W 1618 r. jezuita Juan Ferrer w Tratado de las comedias opowiada, jak to „w pewnym mieście” (prawdopodobnie ma na myśli Barcelonę) publicznie śpiewano „jedną z tych piosenek zwanych chacona” tak głośno i „z taką rozwiązłością”, że doprowadziło to do prawdziwych zamieszek, a w jakiś czas później gorsząca prezentacja escarramanu w miejscowym teatrze spowodowała masowe opuszczenie go przez oburzoną publiczność. Tu czas zauważyć, że chacona ma bliźniaczkę, z którą wspólnie poczęte zostały w awanturniczych okolicznościach w Nowym Świecie. Ta najpierwsza z sióstr to wspominana już w cytatach zarabanda. Sam Giambattista Marino w Adonisie z 1623 r. uznał „saravandę” i „ciacconę” za bliźniacze siostry ze względu na wspólne im cechy obrazoburcze: szeroko rozumianą bezbożność oraz wąsko rozumianą lubieżność (ruchy obu tańców przypominały poecie poruszenia mające miejsce podczas aktu małżeńskiego). Wśród tańców zakazanych przez Kościół to one wiodły prym i wiele uwag dotyczących zarabandy możemy odnieść i do chacony, zresztą od początków XVII w. niemal zawsze wymieniano oba ta tańce jednym tchem. Moda na zarabandę była tylko odrobinę wcześniejsza. Już w 1583 roku Filip II wydał edykt, na mocy którego mężczyźni śpiewający lub tańczący zarabandę podlegali karze dwustu batów i sześciu lat galer, kobiety zaś karano wygnaniem. Jego zakaz nie na wiele się zdał, czego dowodzą kolejne akty potępienia nieprzyzwoitej rozrywki. Juan de Mariana, jezuita i wielki wróg sztuki (co drugie jego dzieło miało w tytule słowo contra), w rozdziale swego Tratado contra los juegos públicos w całości poświęconym zarabandzie, potępił ten taniec i piosenkę, która w ciągu dwudziestu kilku lat zapuściła w Hiszpanii korzenie, będąc „tak lubieżną w swoich słowach i tak wyuzdaną w ruchach, że jest w stanie rozpalić nawet bardzo przyzwoitych ludzi”; jej gesty i słowa miały być „tym samym, co najsprośniejsze pocałunki i uściski mające miejsce w zamtuzach”. Filip III, choć sam gapił się, a może i podrygiwał przy chaconie na swoim weselu, w 1615 r. wymienił ją obok zarabandy, carreteríi i escarramanu w dekrecie zakazującym pokazywania wyuzdanych pląsów w teatrach.

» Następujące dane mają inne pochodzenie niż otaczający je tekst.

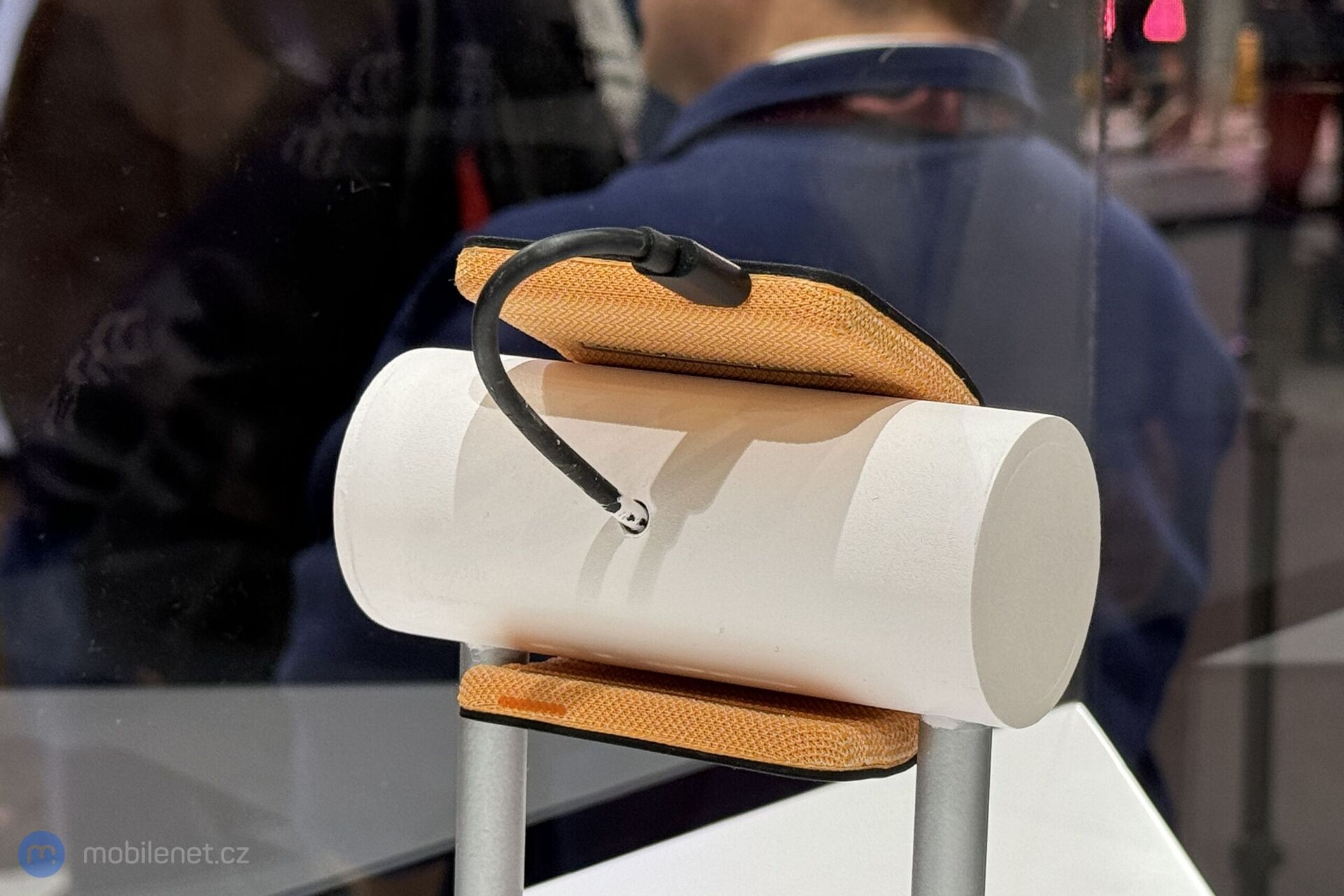 Motorola ohebný koncept z MWC 2024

Towarzyszące tym tańcom piosenki często były autotematyczne. Że chacona lubiła zajmować się sama sobą, to widzieliśmy już w El platillo Aguado. A polski poeta w pierwszym wierszu Szalonej chacony, do której będziemy co jakiś czas zaglądać, pisze: „mnich podwija habit / mniszka przerywa modlitwę / tańczą chacona”. W jedenastym: „poszli do biskupa / to jak śpiewaliście? / mówicie: chacona? / podwinął suknię / tańczył sześć godzin / chacona / i odpuścił im wszystko / vida bona / chacona”. W szesnastym: „Śpiewają nonet / mnisi / nagle jeden z nich: / vida bona! / na co inni / tak tak / niech żyje życie”.

Te przedstawienia zgodne są z treściami odnajdowanymi i w samych tekstach śpiewanych przy chaconie, i w komentarzach na jej temat. Powtarza się tam motyw „porywania” przez chaconę, liczne świadectwa niemożności ustania (usiedzenia, uleżenia) w miejscu, gdy rozlegną się jej dźwięki. W 1601 r. Agustín de Rojas Villandrando w prologu do sztuki El viaje entretenido opowiada o zbolałej niewieście, która, słysząc dźwięki chacony, wyskakuje z łóżka i dołącza do muzykantów i tancerzy. W jednej z ensalad  Miguela de Madrigal z 1605 r. młoda Aragonka opowiada o królu, w którego obecności wystarczało dotknąć gitary, a natychmiast ruszał, aby tańczyć chaconę lub zarabandę. Jednak od samych początków kariery chacony to duchowni najczęściej wykorzystywani były jako miernik nieodpartego czaru i chwytliwości tej formy. Tu znów trzeba zwrócić uwagę na specyfikę struktury ówczesnego społeczeństwa na Półwyspie Iberyjskim. Stany duchowny i świecki nie były rozgraniczone tak, jak skłonni jesteśmy dziś sobie to wyobrażać, już choćby z powodu liczebności tego pierwszego. Ponieważ kariera kościelna była praktycznie jedyną drogą do wiedzy, przywilejów i dochodów, duchownych przybywało w zastraszającym tempie i w XVII w. mniej więcej co trzeci Hiszpan był zakonnikiem. Zrozumiałe, że stan tak powszechny nie mógł uchodzić za wyjątkowy i nikt nie oczekiwał od duchownych szczególnego uduchowienia.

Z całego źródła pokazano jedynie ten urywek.